Re: [Jack-Devel] Writing an IEEE 802.1BA (AVB) compliant network backend for Jack2
IEEE 1722 (I apologize for getting the number wrong perviously)
specifies the PTP that is a subset for AVB. It most definitely does not
have epoch in it and is not traceable to Greenwich. Don't try to use PTP
as a replacement for NTP. Even IEEE1588 for instruments doesn't require
epoch.
Now we're way far afield of Jack.
Duncan
On 03/04/2011 03:56 AM, torbenh wrote:
> On Thu, Mar 03, 2011 at 10:42:32PM -0600, Chris Caudle wrote:
>> On Thu, March 3, Duncan Gray wrote:
>>> If the NIC doesn't have one, the timestamp resolution
>>> of a kernel PTP is one jiffy.
>> I think Torben already pointed out that you would probably use high
>> resolution timers, and not the jiffy based timers.
> yeah. they have nanoseconds resolution, and the only problem is that
> querying them takes some time. but i think we are in the order of a few
> ns here.
>
> but i think its true, that the current software time stamping is jiffy
> based. i fix that on the way, though.
>
>>> The AES-11 frequency accuracy (Grade-2) spec of 10 ppm for a
>>> clock is nice, but probably won't be present in any PTP stream
>>> from anyone I know of except Apogee.
>> The time and instrumentation guys will definitely have better than that.
>> You can already get PTP clocks from Symmetricom which will lock to GPS and
>> give you long term accuracies better than 1ppb (10^-9).
>> http://www.symmetricom.com/products/ieee-1588-ptp-solutions/
>>
>>> Absolute frequency is not AVB's strength.
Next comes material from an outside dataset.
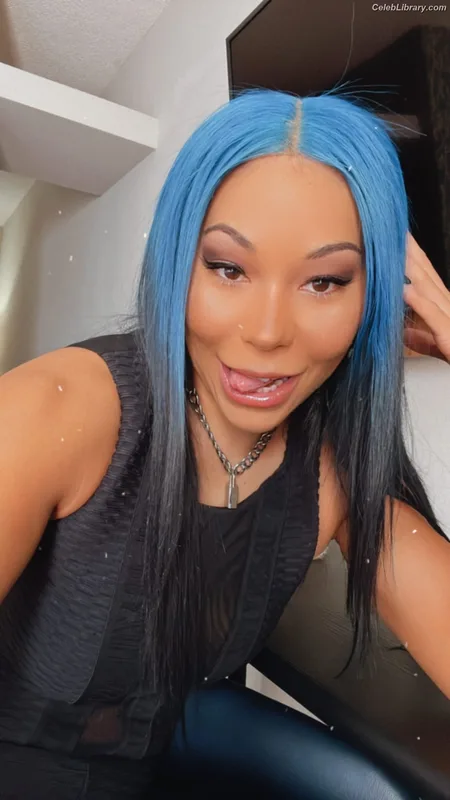Mia Yim photo 21 of 364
The local clock
>>> on the motherboard, servoed to NTP will be good enough.
>>> What application might demand such low jitter RTC?
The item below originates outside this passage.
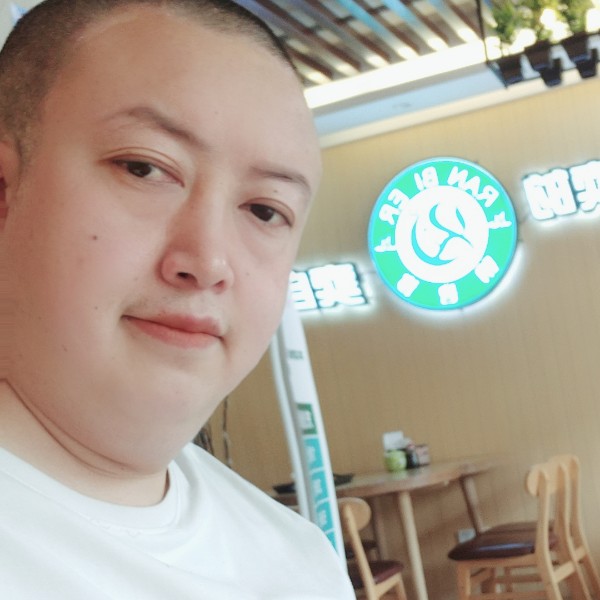 F  远山寻你的照片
>> Absolute frequency accuracy and jitter are independent concepts. There is
>> no reason that the long term average frequency could not approach
>> trivially close to 0 error if you are locked to a stratum 1 source such as
>> GPS.
>> Jitter is a more difficult issue, and you will have the same kinds of
>> problems deriving a frame or bit clock from PTP as from Firewire.
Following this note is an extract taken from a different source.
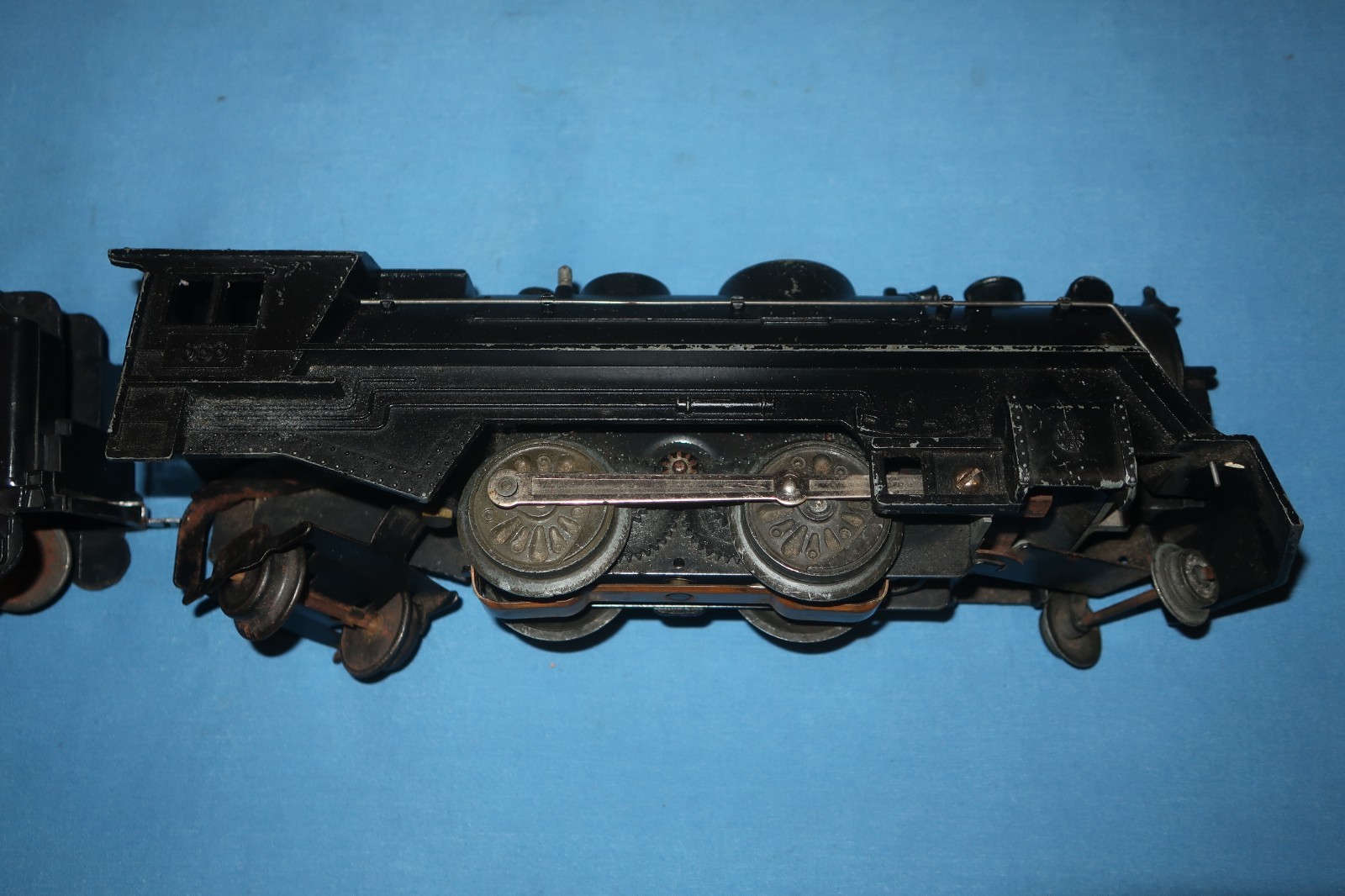 Marx #666 Steam Locomotive with NYC Tender. Runs and Smokes well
>> Probably worse, you will definitely need a lot of jitter attenuation on
>> your sampling clock PLL.
>>
>> I think we're getting off track here, though. This is jack-devel, not
>> network-attached-audio-equipment-devel. Let's start with the expectation
>> that someone else (or at least on a different mailing list) will make some
>> hardware that uses PTP to synchronize sampling clocks, does it properly
>> with lots of jitter attenuation, does it in a way that is AVB compliant,
>> and has some higher level protocol that we can use, probably based on
>> RTP/UDP/IP.
>> At that point, JACK just has to make sure it sends groups of packets with
>> audio samples, not too fast to overrun the buffers, not too slow to
>> underrun the buffers. That should be feasible with a software clock
>> implementation, either using hardware assist in the NIC, or (hopefully)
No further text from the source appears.